What’s Your Neutral?

Choosing a color palette for a room can be daunting – all those beautiful choices!  It can be tough to know how to start so I thought I’d tell you how we do it.

First, identify your neutral.  A neutral, according to Webster, is “not decided or pronounced as to characteristics” which means it has characteristics, but they may be hard to read.  And this is what make choosing one so tough.  Colors have undertones and understanding which undertones appeal to you makes choosing colors much easier.  Most people gravitate toward either beige (warm) or gray (cool) and their preference tends to be consistent over time.  This means listen to your heart, not the latest trend.  And note: finding your neutral doesn’t mean that you intend to use a lot of gray or beige colors but knowing which way you lean will help choose colors and finishes that will work well together.

A cool kitchen


A warm kitchen

You know your neutral, now what!  Beige enthusiasts will usually like browns, taupes and warm colors like red, rust, gold, rich navy blue, earthy green or aubergine (that warm, rich purple that makes me want sweater weather to come back.)  Finishes like oil-rubbed bronze, copper or the currently popular French gold will work beautifully in these spaces; as will creamy marbles and limestones (or their quartz look alikes) with brown or gold veining. (There are warm grays as well so if the plethora of gray fabrics and accessories out there are calling you, you can follow.  Just make sure the undertones are the same.)  Beige works best when used with high contrast components – pieces that are much darker and much lighter.  Picture a creamy marble tile with a dark wood cabinet.  Or a dark gray wall color with natural cherry cabinets.  Beige can work well with softer colors like salmon or mint.  If you are using dark browns it is easier to bring in brighter, more lively colors like orange, bright green, or turquoise.

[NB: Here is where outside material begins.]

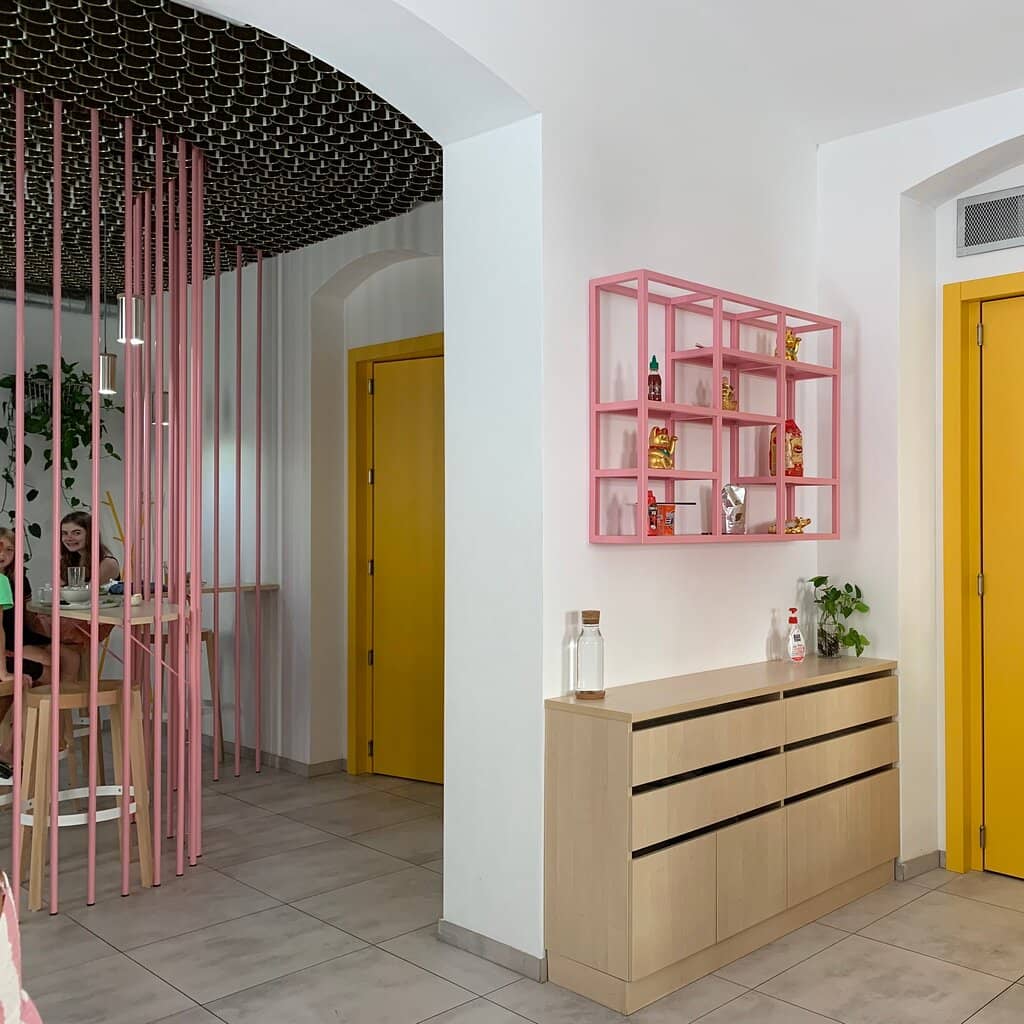 Weekend Brunch Delights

Gray really plays well with colors, which goes a long way to explaining its popularity.  Its nice to be able to switch out accessories to change the look of a room for a new season or a personality face lift.


One last tip:  its easier to understand that the undertones of the colors in your space should be the same than it is to know what that undertone is!  The best way to find the undertone is to find a paint strip with your color on it and look at the darkest shade on the strip.  The color will be most obvious here.